'''

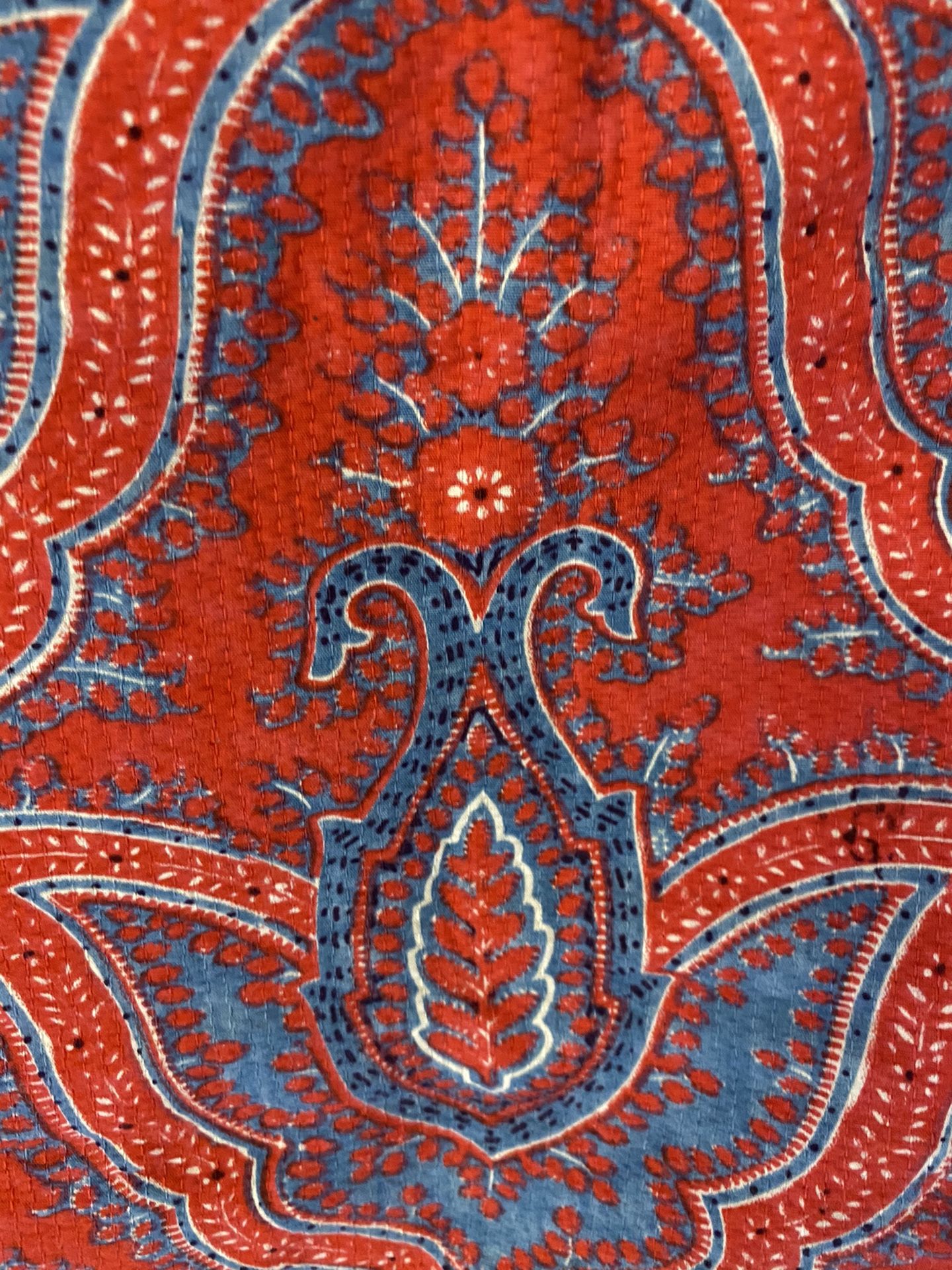 Jcrew paisley pencil skirt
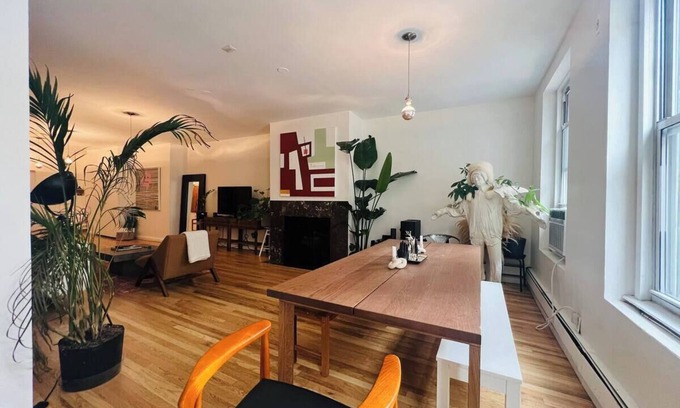 SoHo Apartment | Huge cozy artist loft at PRIME Soho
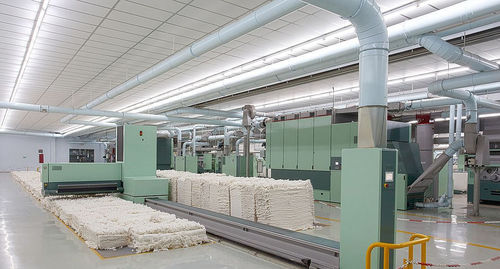 Area di preparazione - VARIOline - RIETER
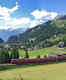 Fascinating facts about the world's longest passenger train; Switzerland's engineering marvel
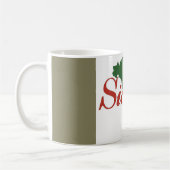 Tasse italienne sicilienne (Gauche)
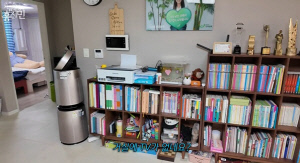 홍지민, 거실에 TV없는 이유 밝혔다 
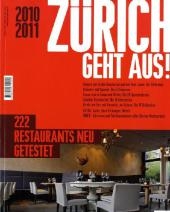 Z&uuml;rich geht aus! 2010/2011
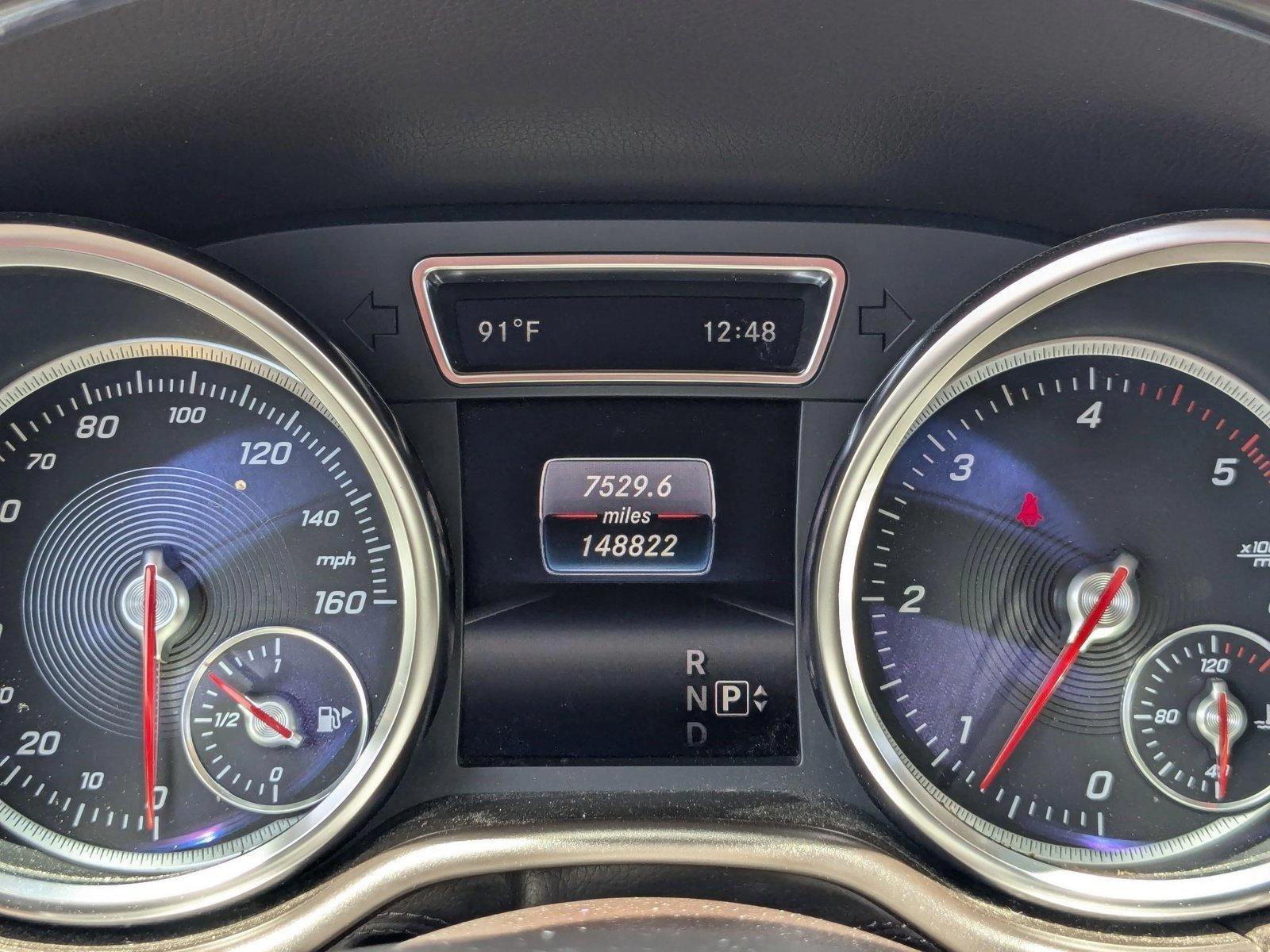 2016 Mercedes-Benz GLE Vehicle Photo in Maitland, FL 32751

'''

**ASSIGNMENT**
Where the data contains an image, skip the image and copy everything else exactly as it appears.

**RESPONSE TO THIS EXERCISE**
 Jcrew paisley pencil skirt
 SoHo Apartment | Huge cozy artist loft at PRIME Soho
 Area di preparazione - VARIOline - RIETER
 Fascinating facts about the world's longest passenger train; Switzerland's engineering marvel
 Tasse italienne sicilienne (Gauche)
 홍지민, 거실에 TV없는 이유 밝혔다 
 Z&uuml;rich geht aus! 2010/2011
 2016 Mercedes-Benz GLE Vehicle Photo in Maitland, FL 32751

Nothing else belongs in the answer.